*EXERCISE MATERIALS*
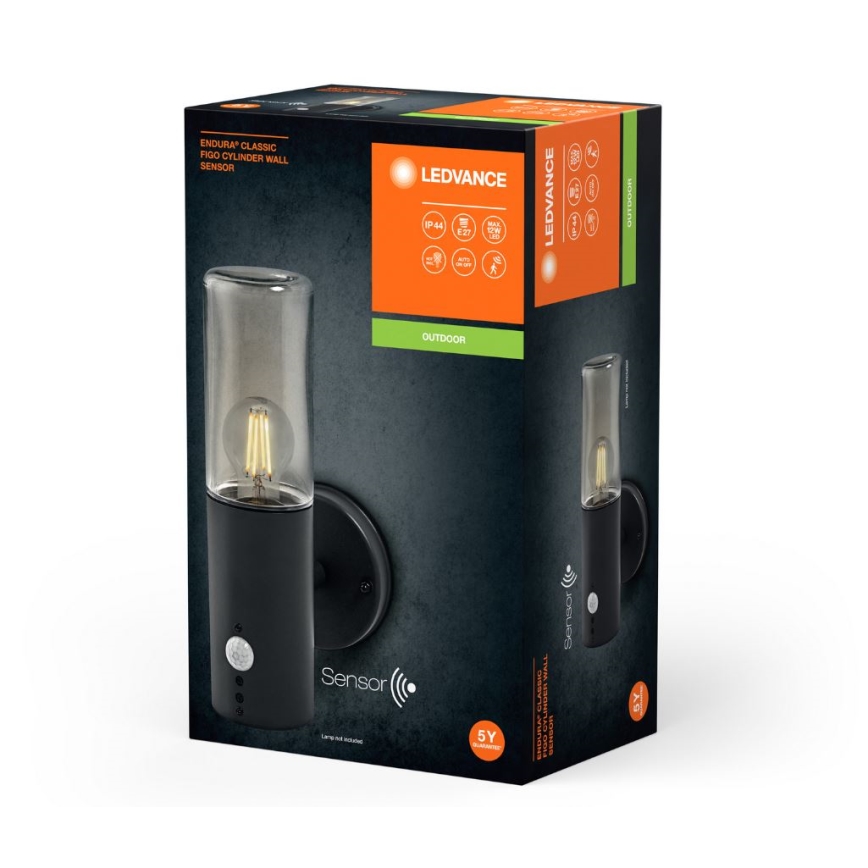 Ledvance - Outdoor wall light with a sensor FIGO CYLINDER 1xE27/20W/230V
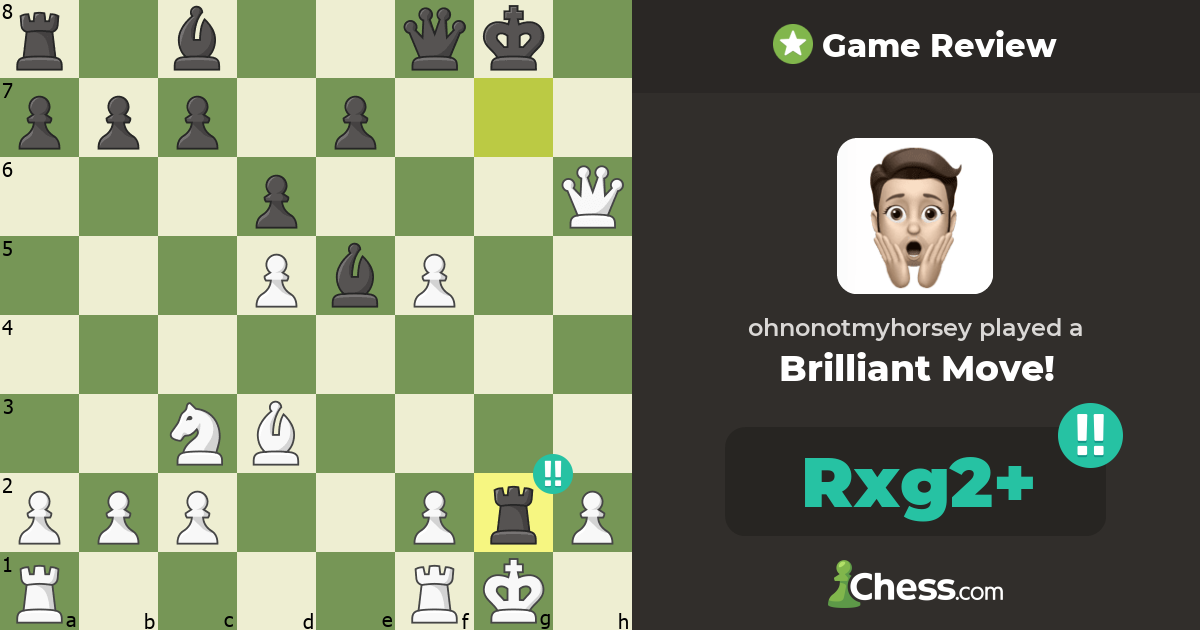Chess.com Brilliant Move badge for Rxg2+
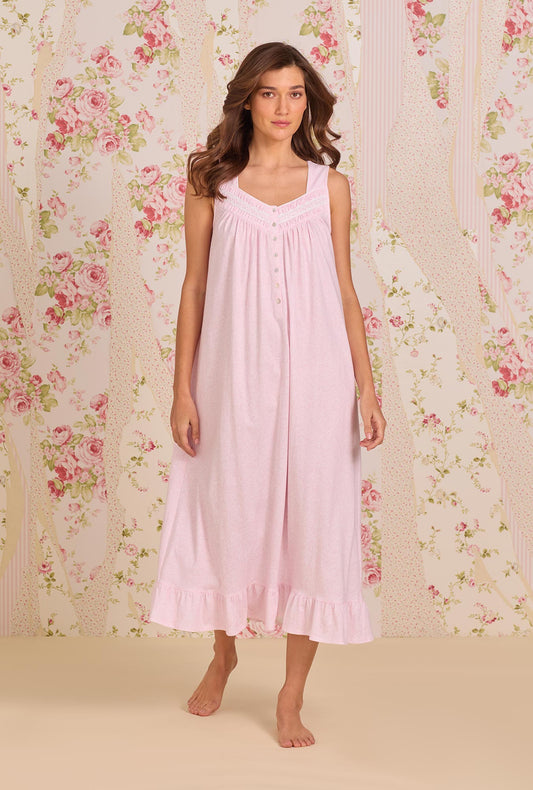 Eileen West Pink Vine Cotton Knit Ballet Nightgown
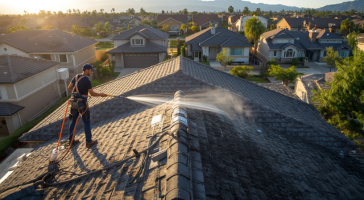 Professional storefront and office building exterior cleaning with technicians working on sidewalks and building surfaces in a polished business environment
* * *
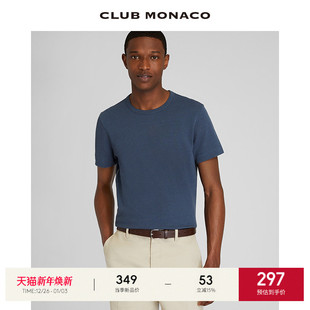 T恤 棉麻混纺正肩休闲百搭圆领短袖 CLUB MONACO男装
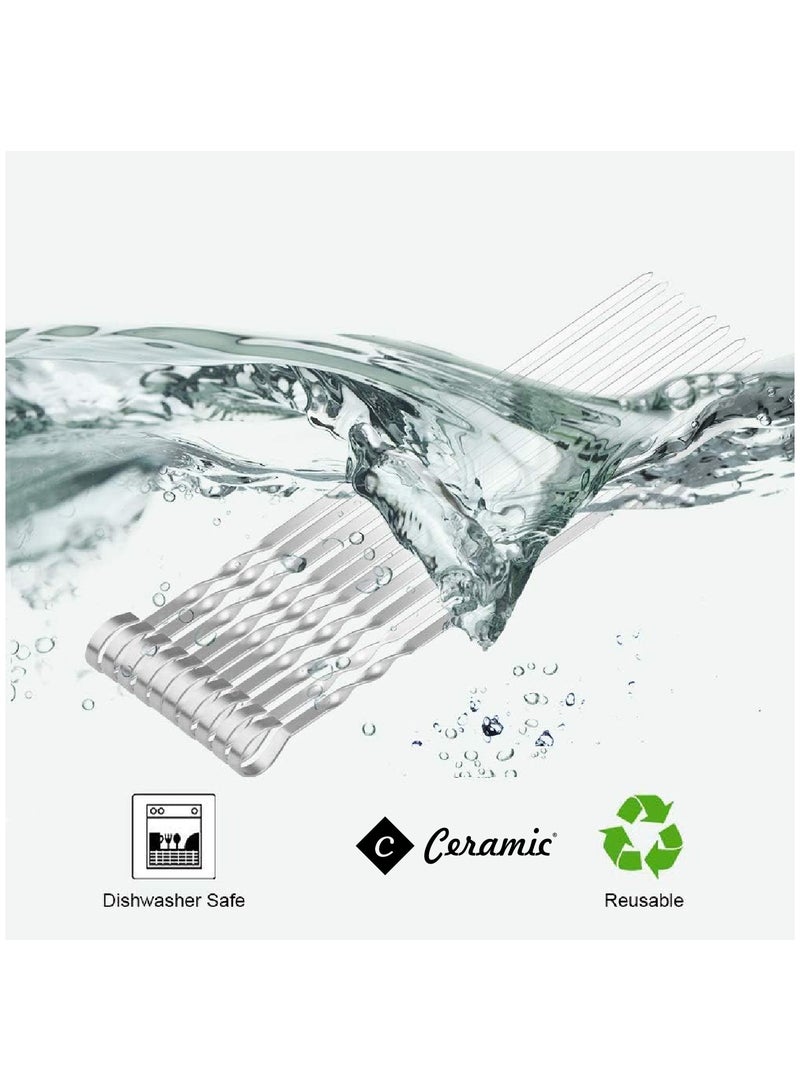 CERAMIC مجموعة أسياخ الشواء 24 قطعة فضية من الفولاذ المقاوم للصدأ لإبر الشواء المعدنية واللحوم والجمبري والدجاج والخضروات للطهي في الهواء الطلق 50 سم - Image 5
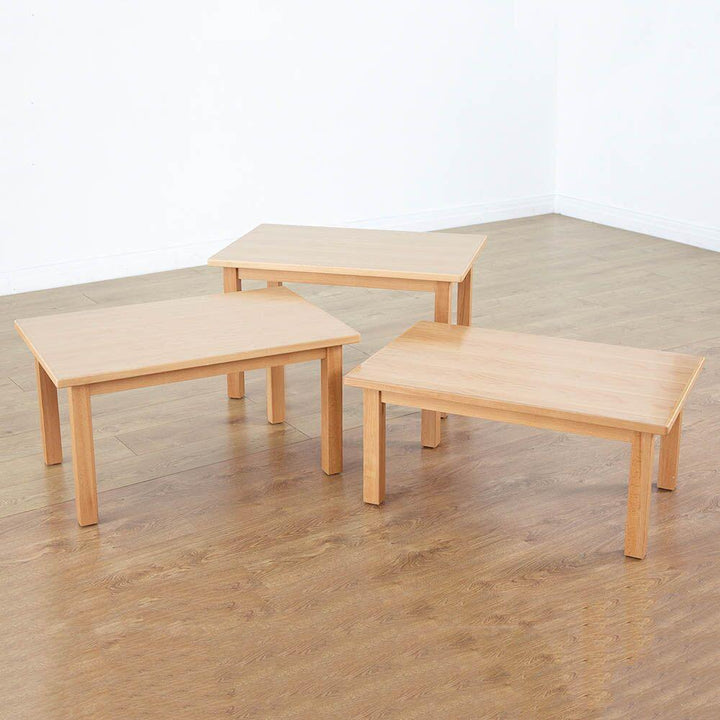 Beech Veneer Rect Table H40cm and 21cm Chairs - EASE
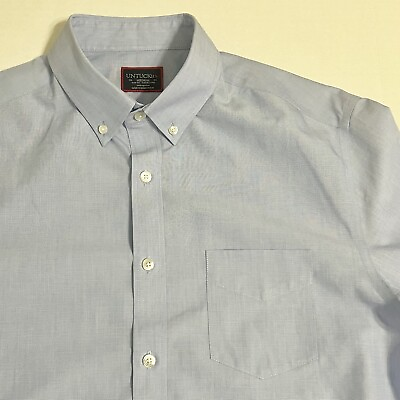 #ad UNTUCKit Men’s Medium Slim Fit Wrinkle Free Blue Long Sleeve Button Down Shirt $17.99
---
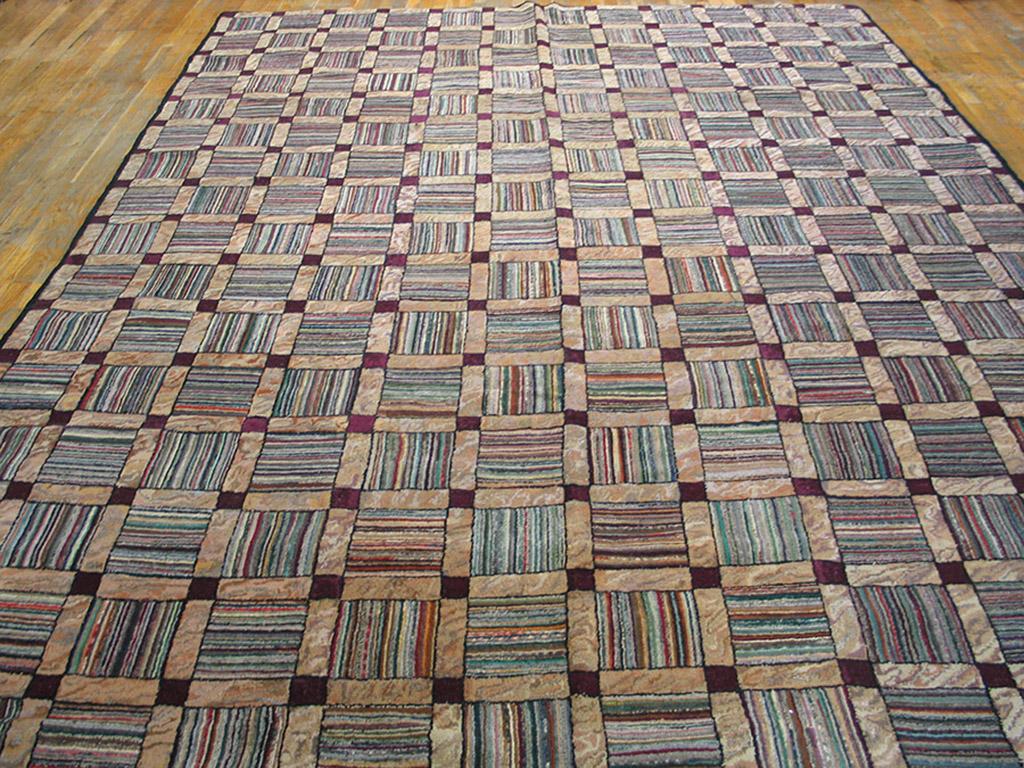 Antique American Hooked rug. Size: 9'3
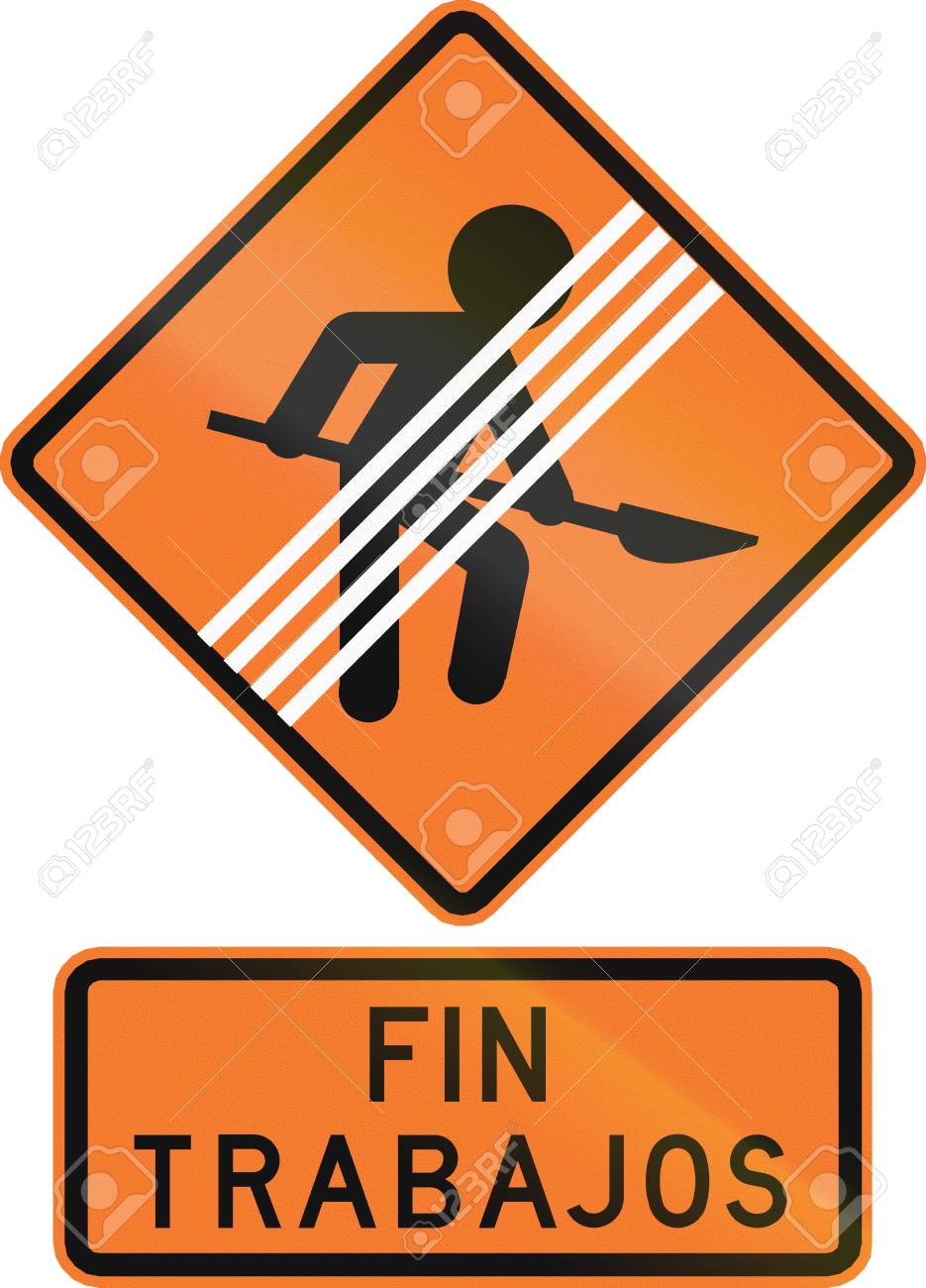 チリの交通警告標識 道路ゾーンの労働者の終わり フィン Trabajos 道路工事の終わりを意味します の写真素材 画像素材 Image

*WORK TO BE COMPLETED*
Your answer should be the lines above, word for word, from the line with "T恤 棉麻混纺正肩休闲百搭圆领短袖 CLUB MONACO男装" through the line with "#ad UNTUCKit Men’s", minus the pictures.

*SOLUTION TO THIS TASK*
 T恤 棉麻混纺正肩休闲百搭圆领短袖 CLUB MONACO男装
 CERAMIC مجموعة أسياخ الشواء 24 قطعة فضية من الفولاذ المقاوم للصدأ لإبر الشواء المعدنية واللحوم والجمبري والدجاج والخضروات للطهي في الهواء الطلق 50 سم - Image 5
 Beech Veneer Rect Table H40cm and 21cm Chairs - EASE
 #ad UNTUCKit Men’s Medium Slim Fit Wrinkle Free Blue Long Sleeve Button Down Shirt $17.99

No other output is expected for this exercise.